U.S. News & World Report: 5 Reasons Your Doc Might Prescribe Meditation

1.) It might help you modify disease by controlling stress.
Long-standing stress can exacerbate and worsen conditions including high blood pressure, high blood sugar, depression, anxiety, muscle tension and pain, insomnia, stomach upset, and asthma. Meditation may soothe the feelings and thought processes that add fuel to a stress response, producing calmness instead of stoking distress. The conjecture, says Richard Davidson, neuroscience and meditation researcher at the University of Wisconsin-Madison, is that "there are circuits in the brain that are up-regulated by stress that can be down-regulated by meditation." The sympathetic nervous system, which initiates the fight or flight response, and the hypothalamic-pituitary-adrenocortical axis, which controls stress reaction and other processes including mood and the immune system—often hyperactivated if a person is anxious or distressed—are probably calmed by meditation, experts theorize.

2.) It may enhance the immune system.
Research is emerging that suggests meditation could boost your ability to fight off infection, possibly through a quelling of the body's stress and inflammatory responses, experts speculate. Davidson conducted a small study that showed a heightened response to the flu vaccine, measured by an enhanced antibody response, in participants who had done an eight-week mindfulness meditation program, compared with control participants.

3.) It might improve quality of life.
Meditation appears to promote feeling more in control and less a slave to one's anxieties. "There is no problem with thinking [such thoughts], only a problem with believing them—a lot of times those fears don't materialize," explains Jeffrey Greeson, meditation researcher and assistant clinical professor in the department of psychiatry and behavioral sciences at Duke University School of Medicine. Recent research published in the journal Integrative Cancer Therapies suggested that meditation improved older breast cancer patients' overall quality of life, measured by improvements in emotional and social well-being and mental health after practicing transcendental meditation, compared with the control subjects. Separate research has suggested that meditators also have greater activity in areas of the brain associated with positive emotions.

4.) It may help you weather addiction's cravings.
Managing the urge is one of the biggest challenges for people who battle addictions. The goal in mindfulness meditation is not to prevent such thoughts entirely but rather to notice them and let them fall away instead of getting hijacked by them. Explains Greeson: "We can feel the impulses and not succumb to them."

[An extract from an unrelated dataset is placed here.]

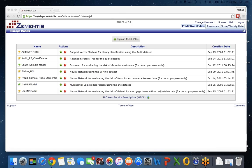On screen, the Adapta system shows models already uploaded and deployed — seven models currently available for inline scoring. The deployment of models is as simple as uploading a PMML file. As soon as a model is deployed, it's immediately available for scoring.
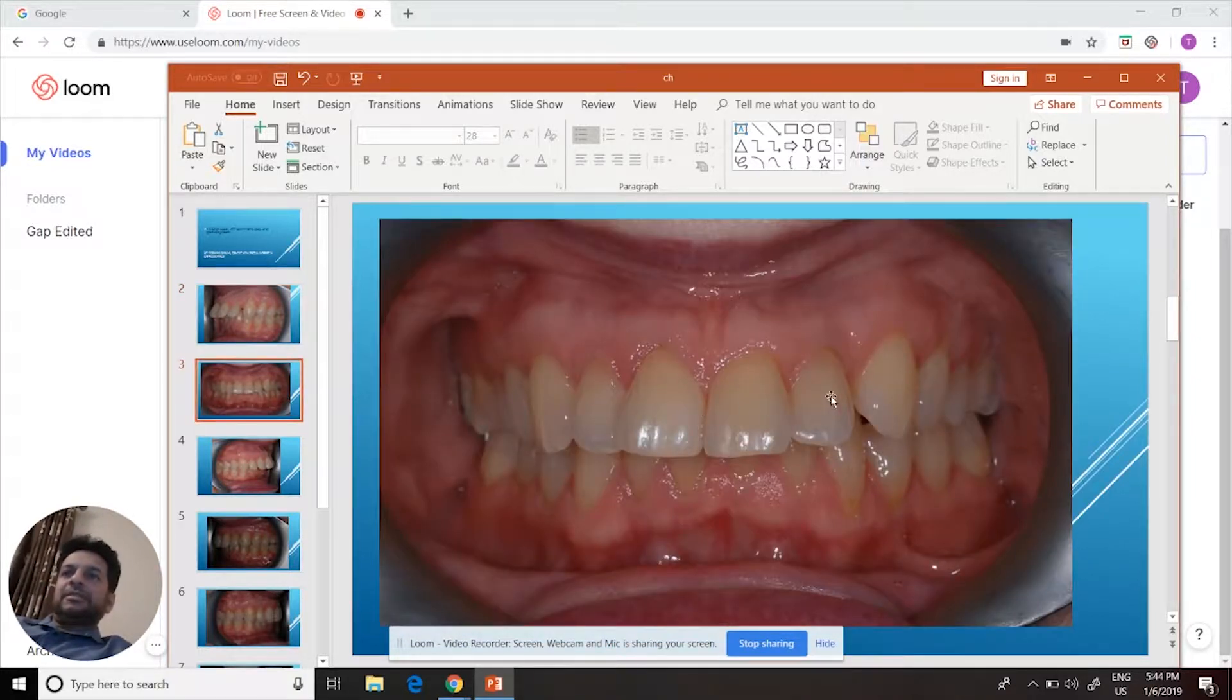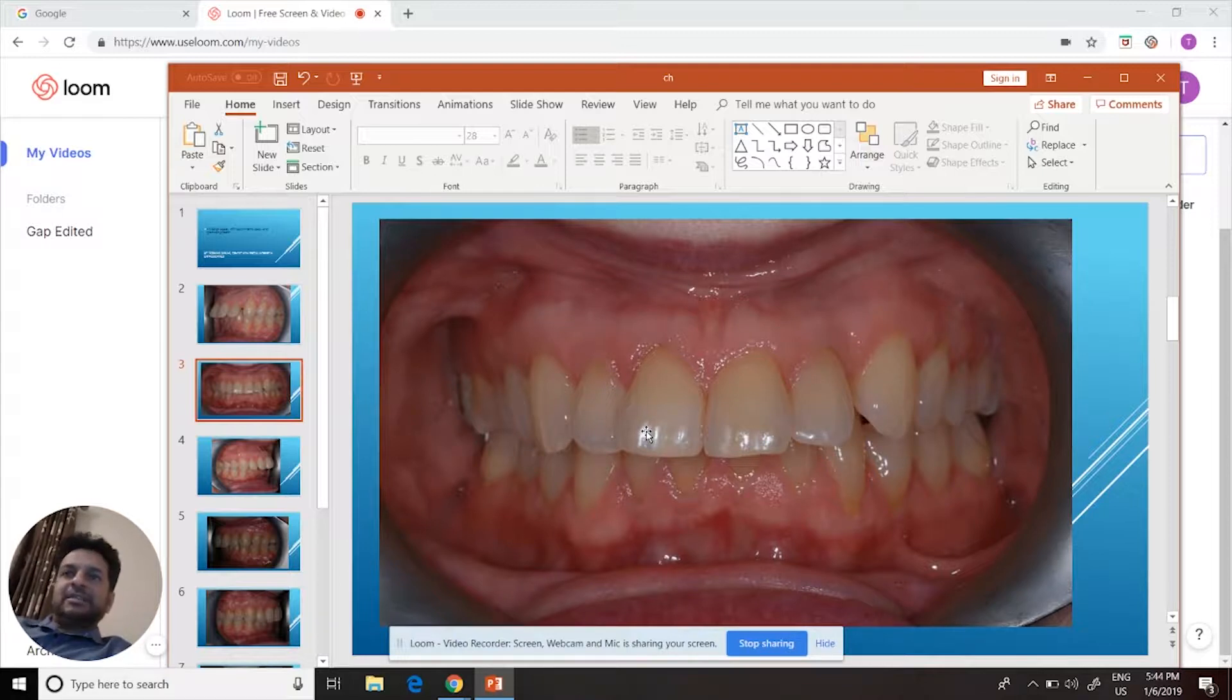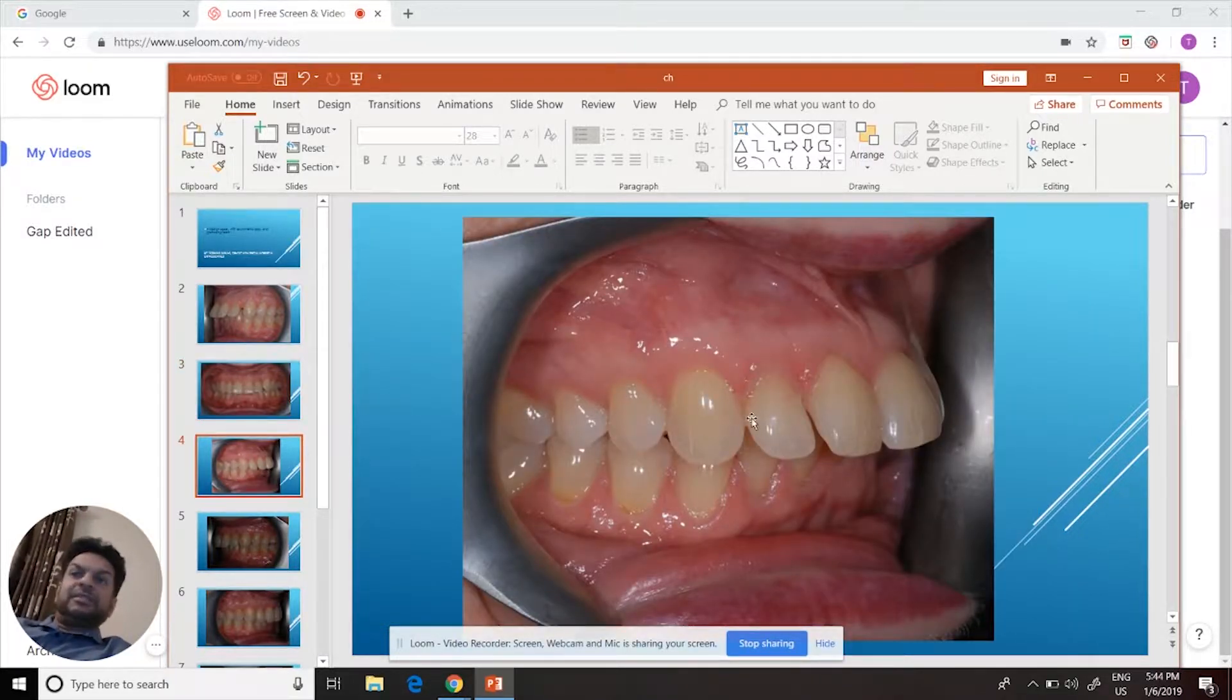So the gap is here, the teeth are sticking out. Here's the right side - see there's no gap there.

5.) Your doctor might be benefiting from it.
Primary care physicians are plenty stressed out, which may affect quality of care. A September study in the Journal of the American Medical Association suggested that primary care physicians who participated in a "mindful communication program," which included seated and walking meditation exercises, reported improved measures of well-being—better resilience and capacity to handle challenge, and less burnout—and attitudes toward patient-centered care. The benefits were seen in the short term but also appeared to be sustained.